Wat ga je in godesnaam planten in zand? Het is onvruchtbaar en of te droog of te nat. Met twee ondersoorten van de zwarte den, de Corsicaanse en de Oostenrijkse, bleek je een heel eind te komen. En op het hoogste, droogste duin overleeft zeeden. Maar dat allemaal niet zomaar. Bij het planten hebben de bomen hulp nodig. Dat had Staatsbosbeheer op Terschelling ontdekt, en we zijn er nog steeds trots op: met een doorweekt turfpakket, dat werkt als een spons, naast de wortels van de jonge bomen doorstaan de dennen elke droogte. Zelfs nu, na meer dan honderd jaar, komt de turf nog mee naar boven als een storm een boom ontwortelt.
Staatsbosbeheerder Carl Zuhorn, die me eerst de voormalige sloot liet zien, neemt me mee naar de Torenvijver. Die is gegraven om de turven in te weken alvorens ze bij het planten gebruikt werden. De Klaas Douwesvijver had dezelfde functie en festivalterrein de IJsbaan trouwens ook. De Torenvijver is bosbouwhistorie. Maar vooral ook een hele mooie plek, met zo’n sprookjesachtig eilandje. Van Carl hoor ik wat een feest het hier is in het voorjaar, met duizenden kwakende kikkers. Nu is het stil en scheren de libelles over het water.
Ik had rugstreeppad en brede wespenorchis op mijn loodjeslijst gezet. Bij het Torenduin vink ik ze af. De orchidee is weliswaar uitgebloeid maar heeft zijn majesteit behouden. Van de rugstreeppad zien we de ‘jaarlingen’ wegspringen. Misschien al op zoek naar terrein waar straks overwinterd kan worden.
Kooisplek is een schilderij. Een groot doek van stippels en vegen. De bessen van de kamperfoelie, rood tegen paarse hei. Er bloeit munt -de geur zo scherp als terpentijn. Ik weet dat er zeldzame zegges staan hier. Maar Carl en ik komen er niet helemaal uit. Dat is ook niet zo gek: ik ben van de cultuur en Carl van de vogels.

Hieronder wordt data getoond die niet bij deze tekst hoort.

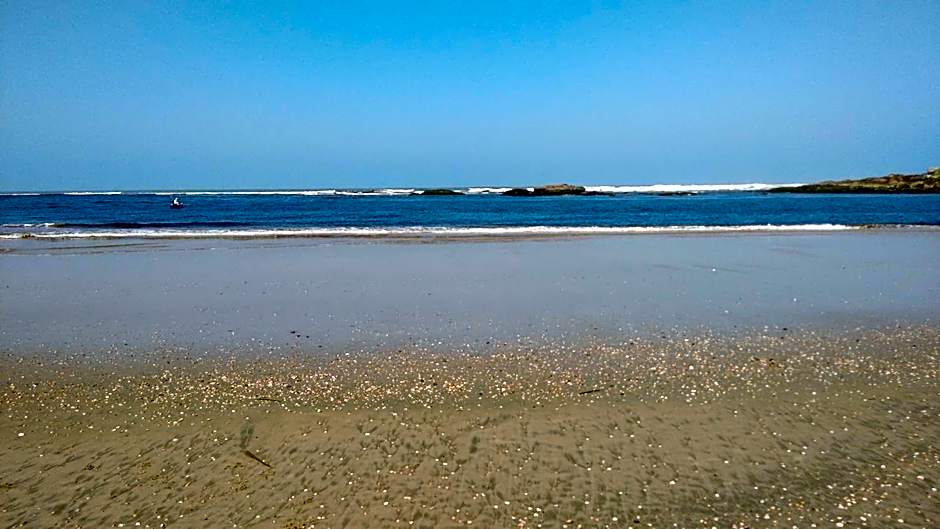 CASA - FRENTE PARA O MAR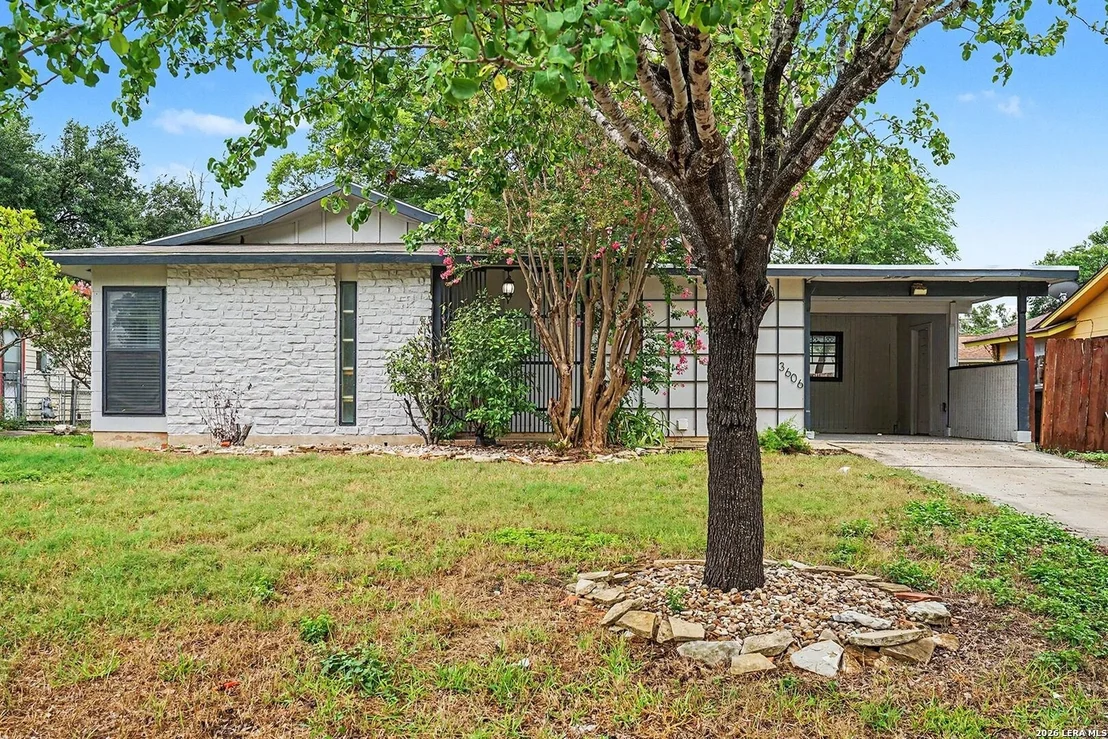 Photo of 3606 Versailles Dr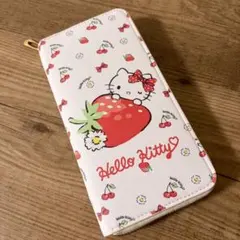 Hello Kitty 長財布 イチゴデザイン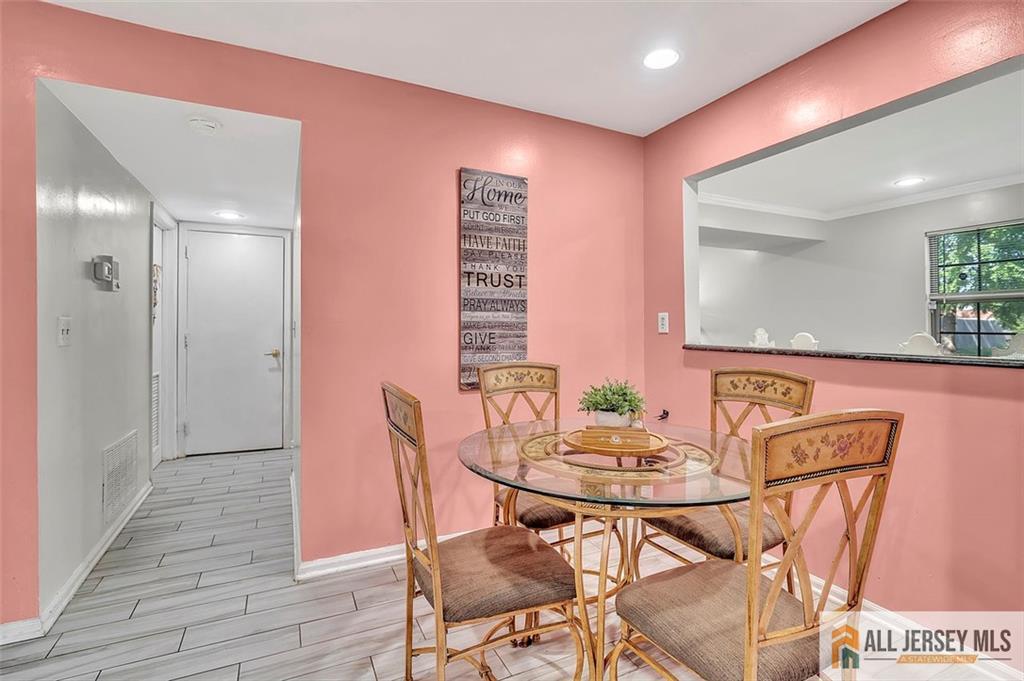 East Brunswick, New Jersey, 08816, United States, 3 Bedrooms Bedrooms, ,3 BathroomsBathrooms,Residential,For Sale,1917391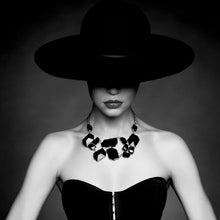 Lade das Bild in den Galerie-Viewer, Spannrahmenbild Frau mit Hut Quadrat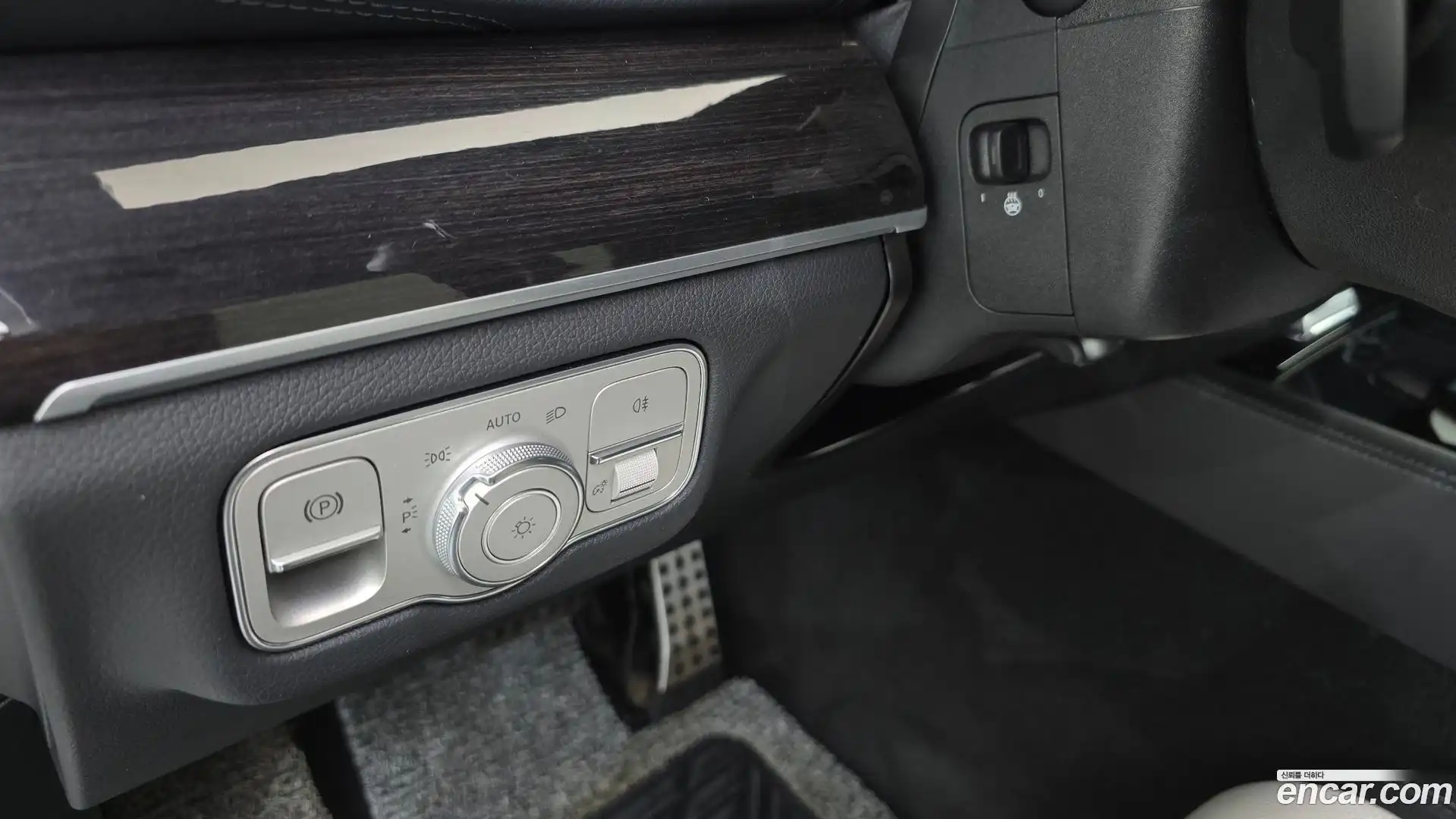 GLE-Class Mercedes-Benz 2022.5-OPTION-041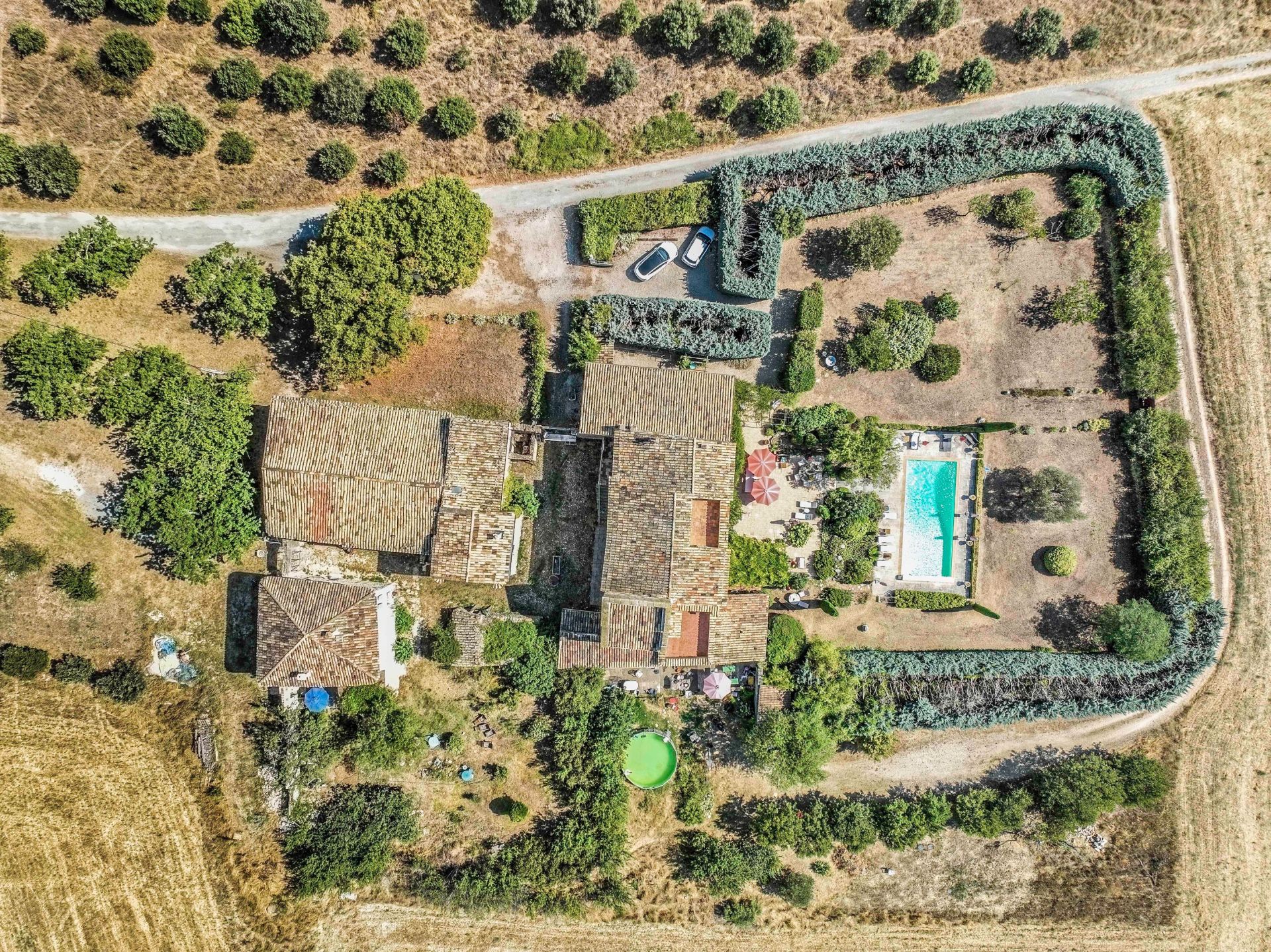 maison 20 Pièces en vente sur VIENS (84750)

En vogels krijg ik. Als Staatsbosbeheerder op pad met collega’s heb ik natuurlijk al heel wat bijzonders gezien en gehoord. Maar dat is altijd per ongeluk. Nu gaan we er echt voor. En dat noem je vogelen. Carl wijdt me in -en dat begint ermee dat ik een fatsoenlijke verrekijker om mijn nek krijg. Weg met het toneelkijkertje van de cultuurhistoricus. Wat dacht ik daar ook door te kunnen zien in het open veld? Nu wijst Carl me op de lepelaars die gebroederlijk naast de aalscholvers staan.
Ik ben óm. Carl geeft uitleg over de omvormingen in Kroonspolders. Ik luister maar half, want ik wil kijken en meer kijken. Ik snap nu hoe je heel lang gebiologeerd kunt zijn. De snavels door het water: het meest basale gedrag van de lepelaars is een evenement. Leren van de meester is het voorrecht als je met Carl op pad bent. In een onmogelijk klein hoekje van zijn blikveld ontwaart hij een kleine zilverreiger. Door de kijker, staat het dier vóór me. Die ranke nek, de scherpe bek, en dan pets! Eén snelle beweging en het dier heeft een garnaaltje of zo gevangen. Een vlucht tureluurs komt over. Wetenschappers schijnen het synchroonvliegen verklaard te hebben. Ik zie een wonder.
Ik liep al over van dankbaarheid, maar de dag brengt nog meer. Carl zet me af bij het festival. Net op tijd voor Ronnie Flex. Wat een moment! Hij nodigt alle kinderen uit op het podium. “Ik heb chips en cola.” Ronnie brengt geluk. In heavy doses.
En nog is de dag niet klaar. In de winkel van kunstenaar Su Tomesen bij De Bolder, spreek ik twee Syriërs. Van de een is de vrouw net aangekomen in Athene, van de ander is de hele familie achtergebleven in Aleppo. Bij het afscheid weet ik niks anders te zeggen dan ‘het móét goedkomen’.